Кстати, ни Набоков, ни Тургенев, ни Гоголь совершенно не заметили у немцев этого величия духа, этой внутренней свободы - возможно, однако, лишь ввиду недостаточного владения языком. И если Гоголь с Набоковым отмечали скорее немецкую бытовуху, пошлость как образ жизни, то Тургенев язвительно высказывался и о людях творческих. "Последний актёришка из заштатной французской провинциальной труппы, - писал он, - играет лучше, чем любая немецкая прима..." За точность цитаты не ручаюсь, да и вообще... Пусть она остается на совести у нетолерантного Тургенева.
Завершаются дневниковые записи Цветаевой 1919-го года о Германии дискурсом политическим - о недавней войне, о немецких зверствах, о большевиках, якобы подаренных России немцами, о проезде ленинской бригады через всю воюющую с Россией Германию в пресловутом "пломбированном вагоне".
"Вагон, везущий Ленина, -- не тот же ли троянский конь? - риторически спрашивает виртуальных оппонентов Цветаева. - Политика -- заведомо мерзость, нечего от нее и ждать. А германская ли мерзость, российская ли -- не различаю. Да никто и не различит. Как Интернационал -- зло, так и Зло -- интернационал".
Подводя итоги, перечислим теперь три основные черты, которые Цветаева выделяет у немцев, а именно:
- покорность, скуку и здравомыслие в телесном, в будничном;
- массовую сумасшедшинку;
- замечательное величие духа.
Это всё. Тоже не слишком много для возникновения чувства. Для интереса, для уважения - достаточно, а вот для чувства - маловато. Что-то тут не так...
А теперь - к "Крысолову".
Как и откуда взялся Гаммельн в планах Цветаевой, разобраться не удалось - важен, в конечном итоге, результат: большая аутентичная поэма, каких больше нет.
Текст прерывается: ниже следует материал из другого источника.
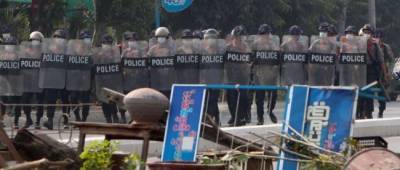 Протесты в Мьянме: 18 человек погибли, силовики применили огнестрельное оружие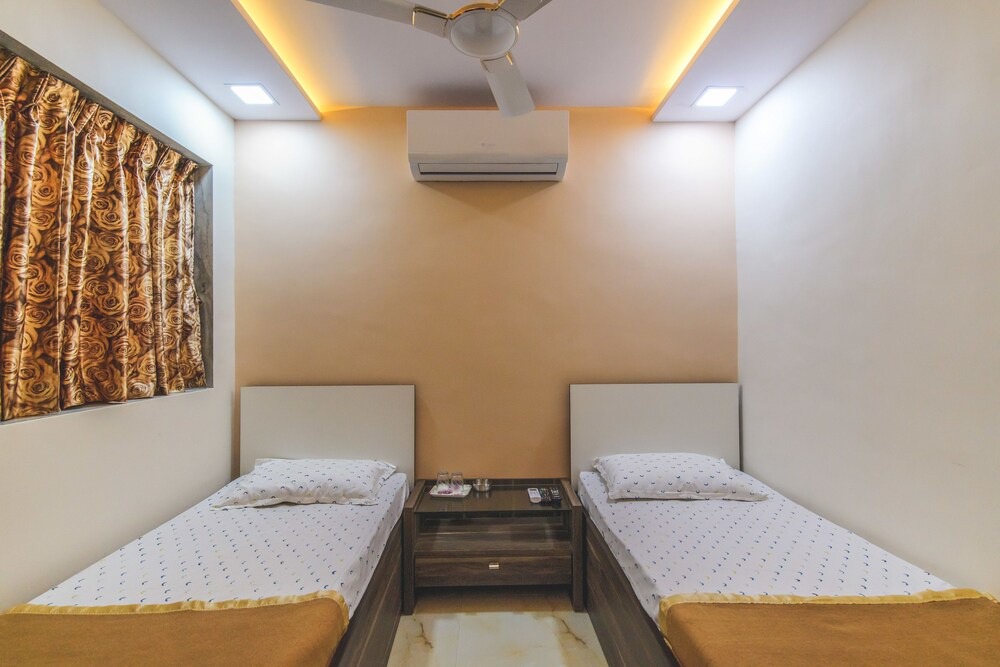 Photo of Bedroom in Malad West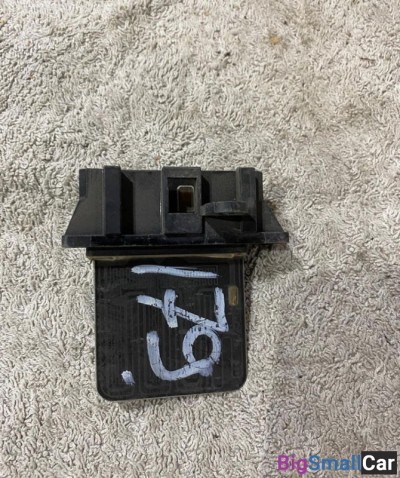 Резистор печки NissanSunny FB16 - купить Батайске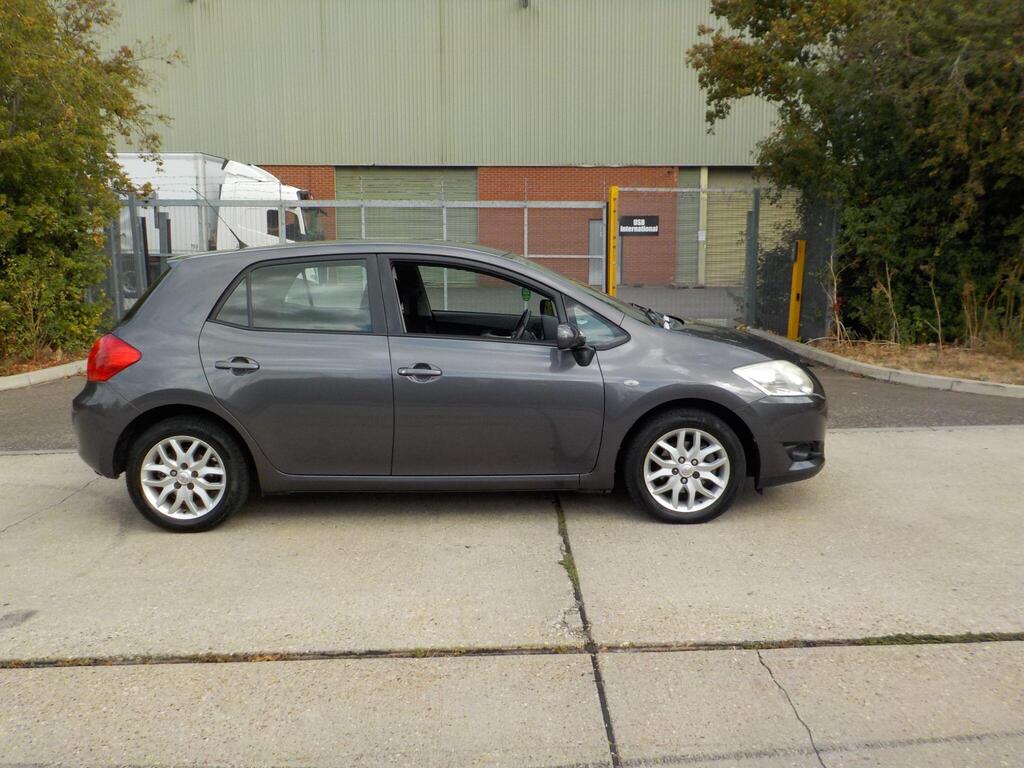 Toyota Auris Hatchback 1.6 VVT-i TR 5dr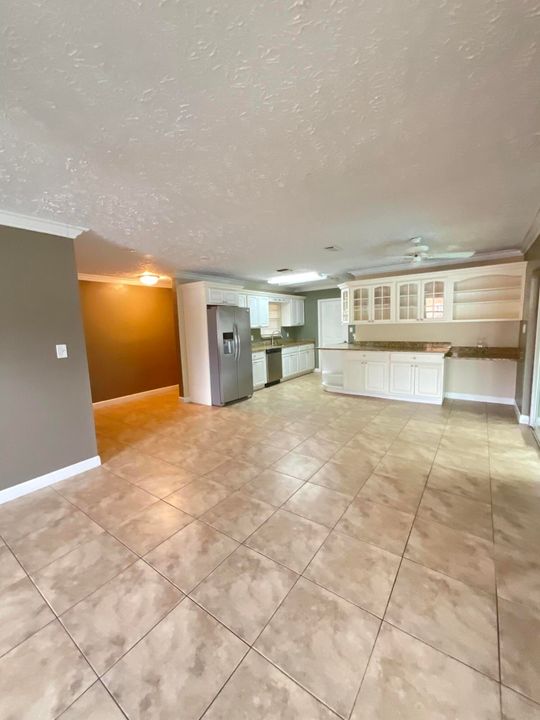 На продажу: $354,900 (3 спален, 2 ванн, 1350 Квадратных фут)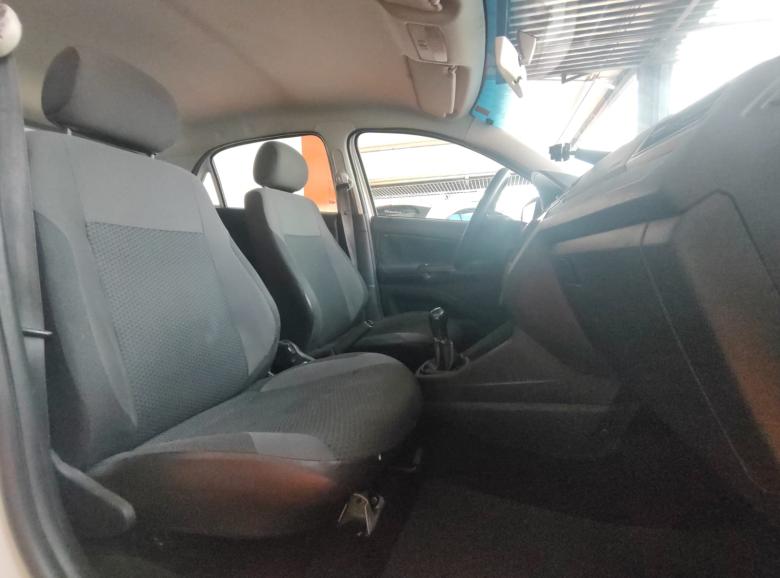 VW - VolksWagen - GOL 1.6 L MB5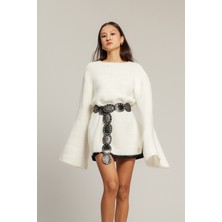 Nisan Triko Yırtmaçlı Oversıze Triko Kazak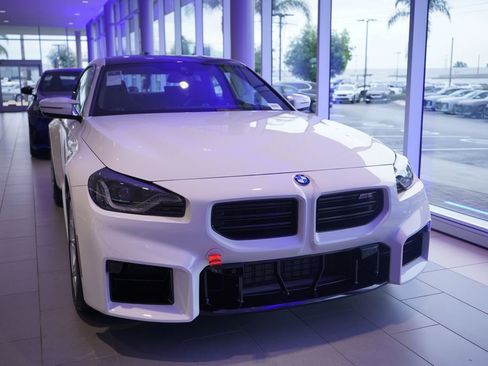 New 2025 BMW M2 image 4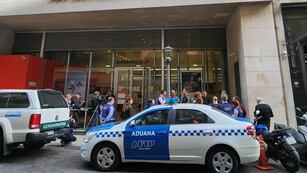 Allanamientos en la City porteña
В любом случае это не личные впечатления автора - Гаммельн лежит в 50 верстах к юго-западу от Ганновера, это Вестфалия, далёкая от цветаевских маршрутов - до Берлина триста, а до ближайшей границы с Чехией добрых пятьсот километров.
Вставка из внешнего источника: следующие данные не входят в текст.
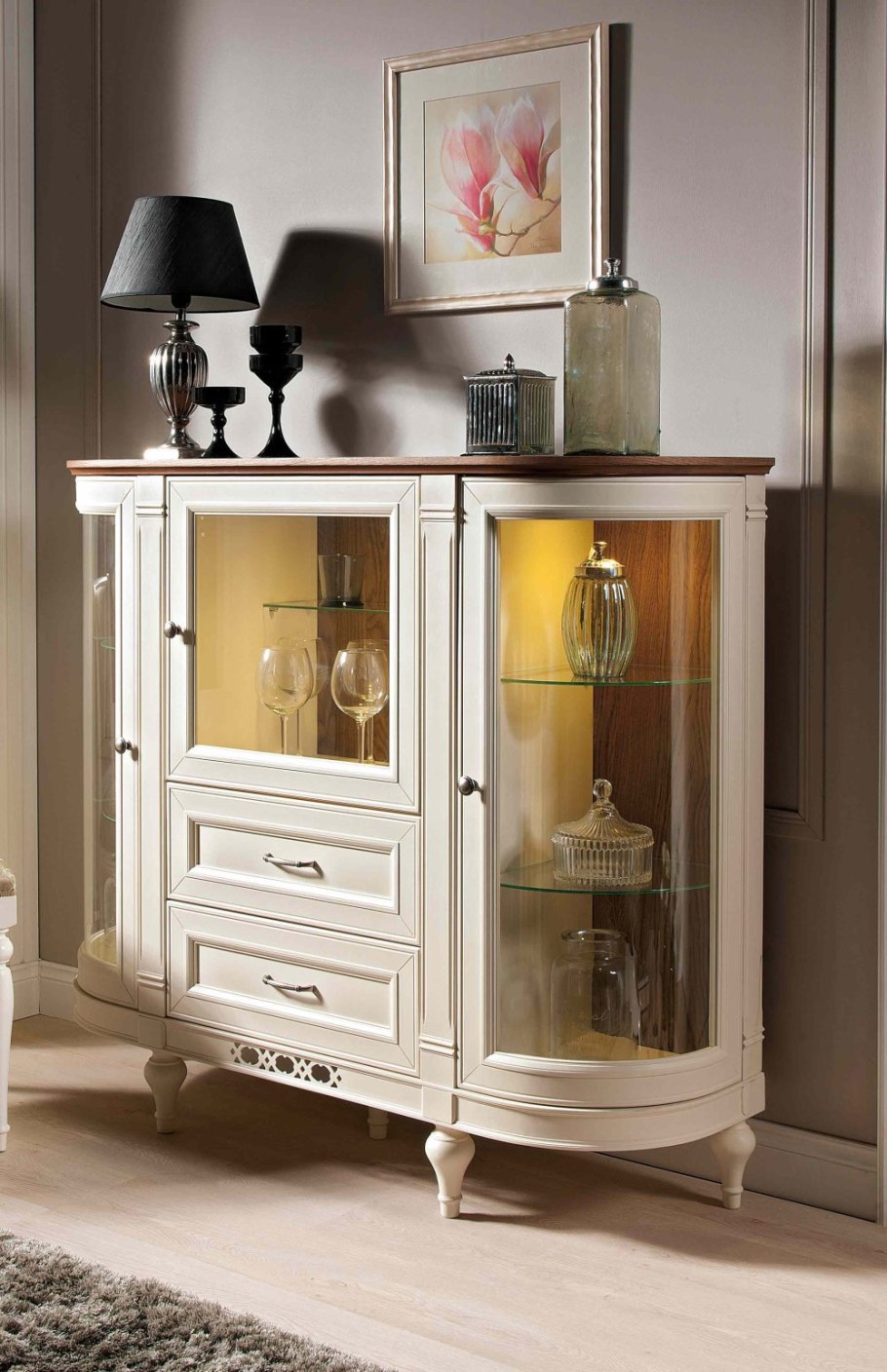 Комоды для посуды в гостиную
И всё же именно в чешских Вшенорах в марте 1925-го года зачинается "Крысолов". Цветаева почти три года за границей, она опытная эмигрантка.
Как уже говорилось, примерно четверть поэмы составляет описание (по-цветаевски блестяще-талантливое) благополучного гаммельнского быта и нравов. Идеализация ли это?
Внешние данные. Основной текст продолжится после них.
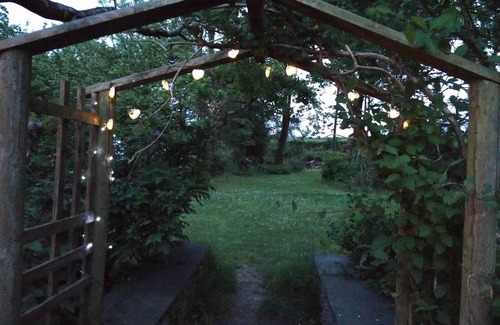 Newchapel Cabaña | casa de campo con mucho carácter en la hermosa y tranquila, ubicación cerca de las zonas rurales a la costa.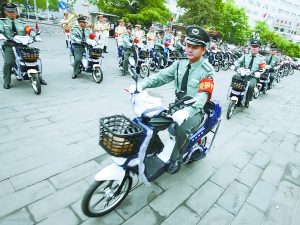 保安骑电瓶车校园周边巡逻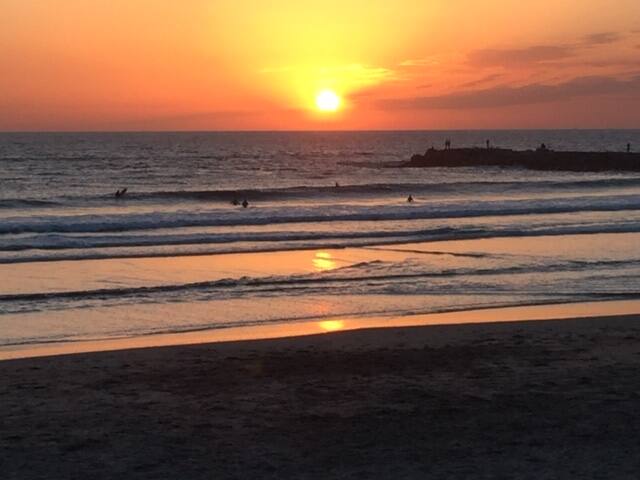_Quarto na Costa da Caparica, Nice Room Near Beach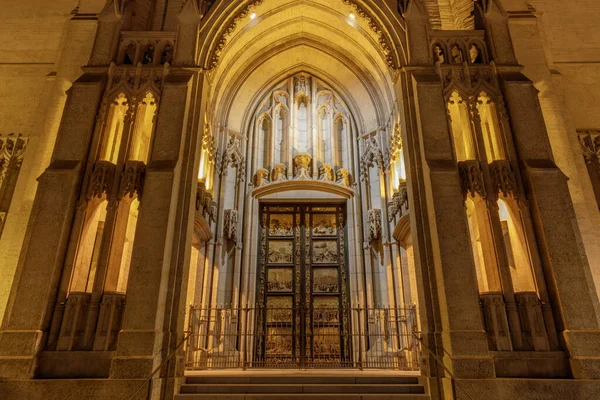 Πόρτες Ghiberti Πύλες Του Παραδείσου Του Καθεδρικού Ναού Grace Nob — Φωτογραφία Αρχείου
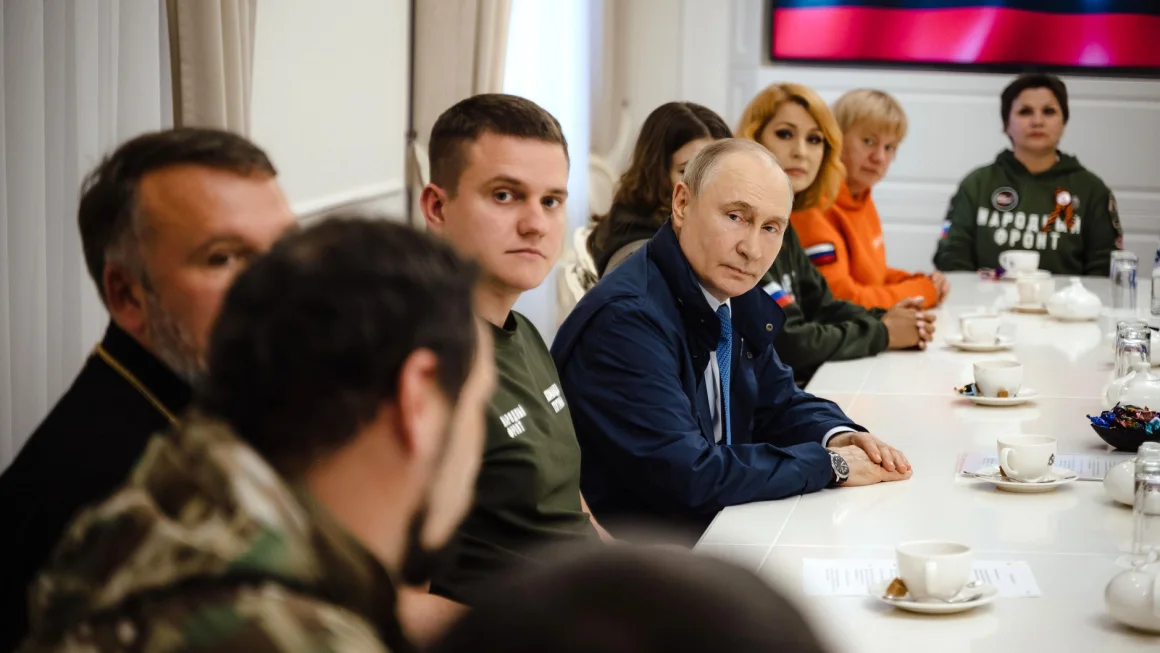 putin-memperkuat-pengaruh-di-kursk-kunjungan-bersejarah-pascaklaim-wilayah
Не скажем про древний Гаммельн времен Крысолова, но во времена написания поэмы от добропорядочности немцев осталось немногое: проигранная война, огромные репарации и экономический кризис выплеснули на поверхность множество разного сброда: мошенников, воров и даже грабителей, насильников и хладнокровных убийц. Обо всем этом имеется множество свидетельств очевидцев. Несколько лет назад мы переводили воспоминания баварской крестьянской девочки, начинавшиеся с 1928 года. Там всё это было: рутинное насилие над батрачками в крестьянских хозяйствах, воры и педофилы, проникающие под видом торговцев мелким товаром в дома, когда все взрослые работают в поле, поджигатели-подёнщики, уничтожающие "за обиду" годовой труд всей деревенской общины, и произвол, в том числе сексуальный, локальных чиновников всех мастей. Придуманный Цветаевой гаммельнский рай выглядит на этом фоне странно, абсолютно бесполо и как-то несвоевременно.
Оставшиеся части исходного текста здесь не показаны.